**Material provided**
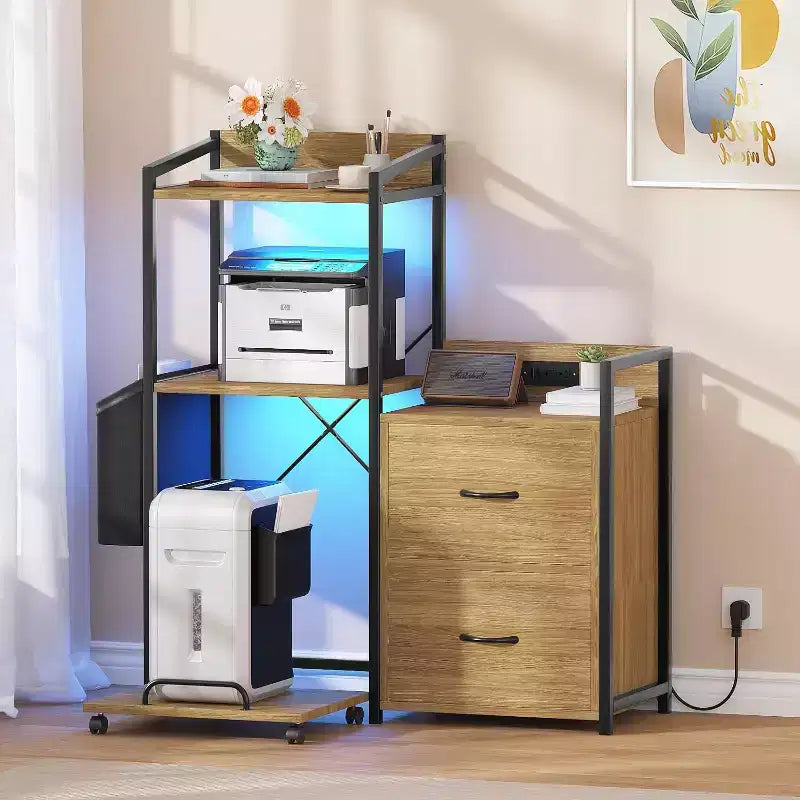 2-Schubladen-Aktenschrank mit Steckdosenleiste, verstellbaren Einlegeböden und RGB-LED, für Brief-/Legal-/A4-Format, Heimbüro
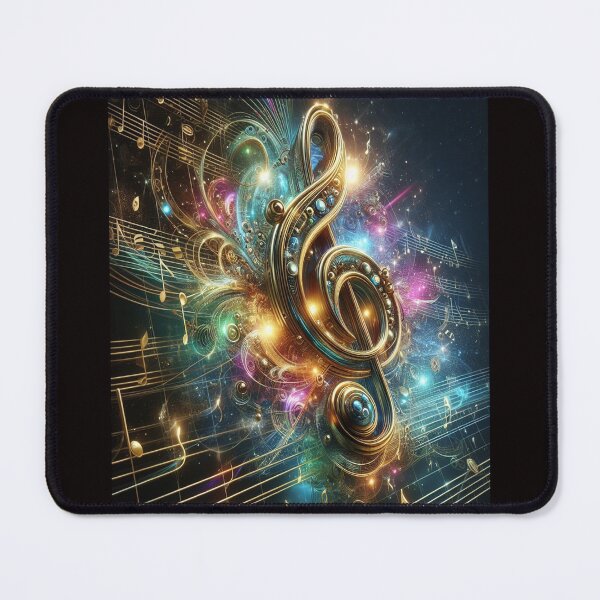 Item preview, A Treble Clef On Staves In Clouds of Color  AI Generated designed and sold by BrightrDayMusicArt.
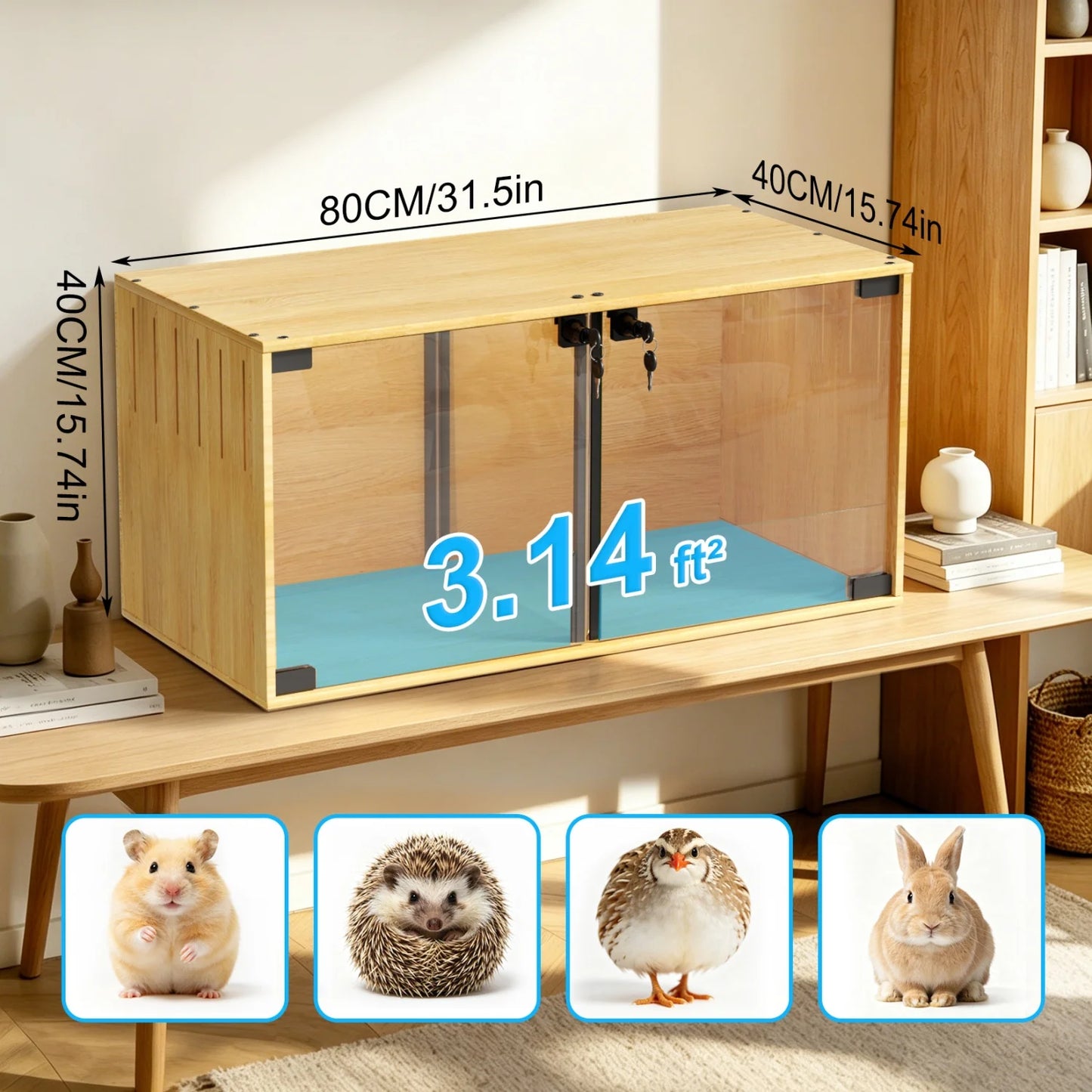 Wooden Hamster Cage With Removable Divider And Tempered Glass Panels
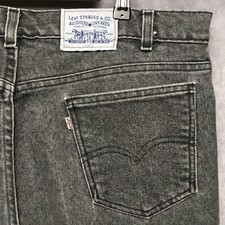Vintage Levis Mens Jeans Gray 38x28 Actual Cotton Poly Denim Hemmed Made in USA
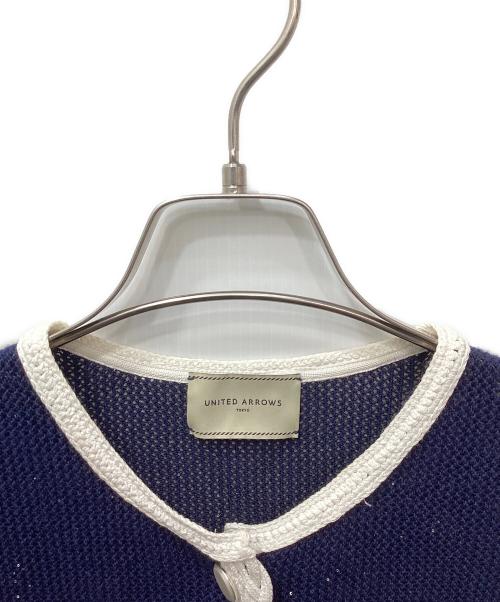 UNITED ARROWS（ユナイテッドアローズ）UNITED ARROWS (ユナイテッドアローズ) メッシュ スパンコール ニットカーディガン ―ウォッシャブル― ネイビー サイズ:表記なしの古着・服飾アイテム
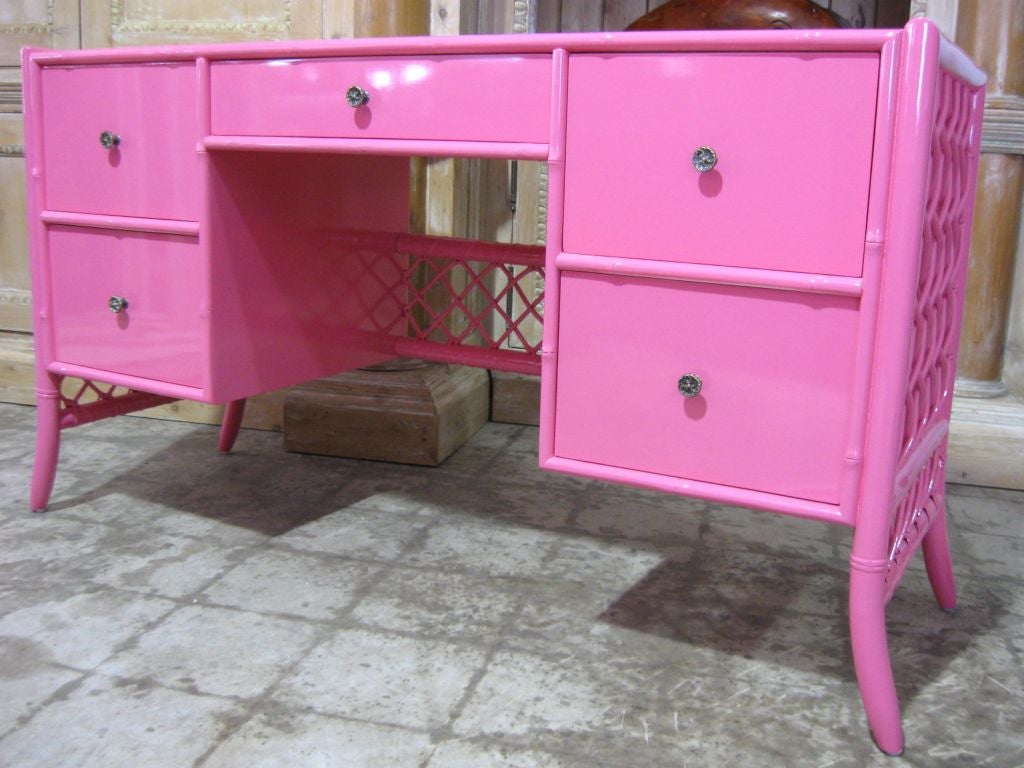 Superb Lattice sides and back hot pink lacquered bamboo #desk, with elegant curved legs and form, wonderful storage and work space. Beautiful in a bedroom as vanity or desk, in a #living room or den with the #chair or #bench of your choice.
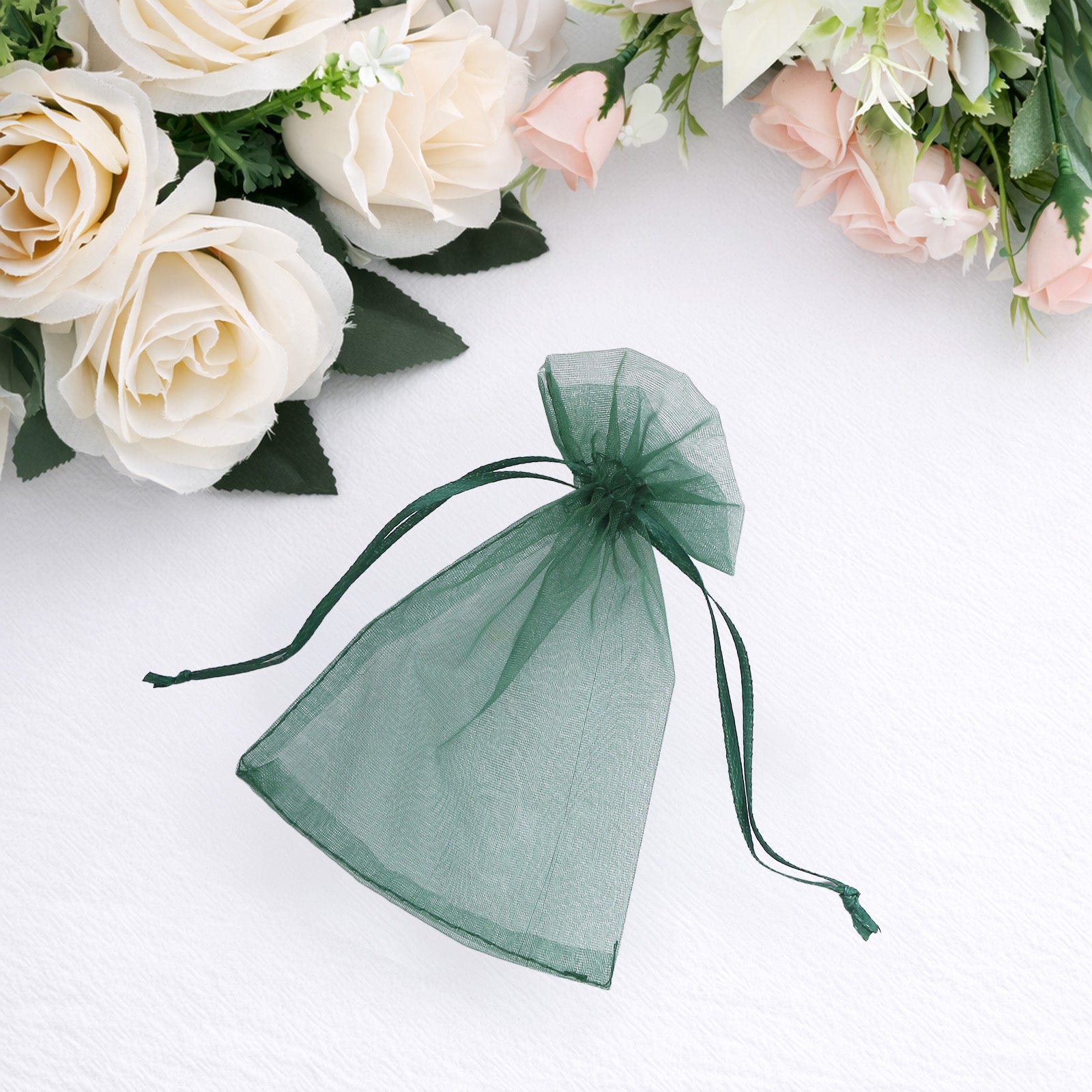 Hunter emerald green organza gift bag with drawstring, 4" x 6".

**Goal of the exercise**
Would you mind returning each entry above word for word, skipping the images?

**Expected answer**
 2-Schubladen-Aktenschrank mit Steckdosenleiste, verstellbaren Einlegeböden und RGB-LED, für Brief-/Legal-/A4-Format, Heimbüro
 Item preview, A Treble Clef On Staves In Clouds of Color  AI Generated designed and sold by BrightrDayMusicArt.
 Wooden Hamster Cage With Removable Divider And Tempered Glass Panels
Vintage Levis Mens Jeans Gray 38x28 Actual Cotton Poly Denim Hemmed Made in USA
 UNITED ARROWS（ユナイテッドアローズ）UNITED ARROWS (ユナイテッドアローズ) メッシュ スパンコール ニットカーディガン ―ウォッシャブル― ネイビー サイズ:表記なしの古着・服飾アイテム
 Superb Lattice sides and back hot pink lacquered bamboo #desk, with elegant curved legs and form, wonderful storage and work space. Beautiful in a bedroom as vanity or desk, in a #living room or den with the #chair or #bench of your choice.
 Hunter emerald green organza gift bag with drawstring, 4" x 6".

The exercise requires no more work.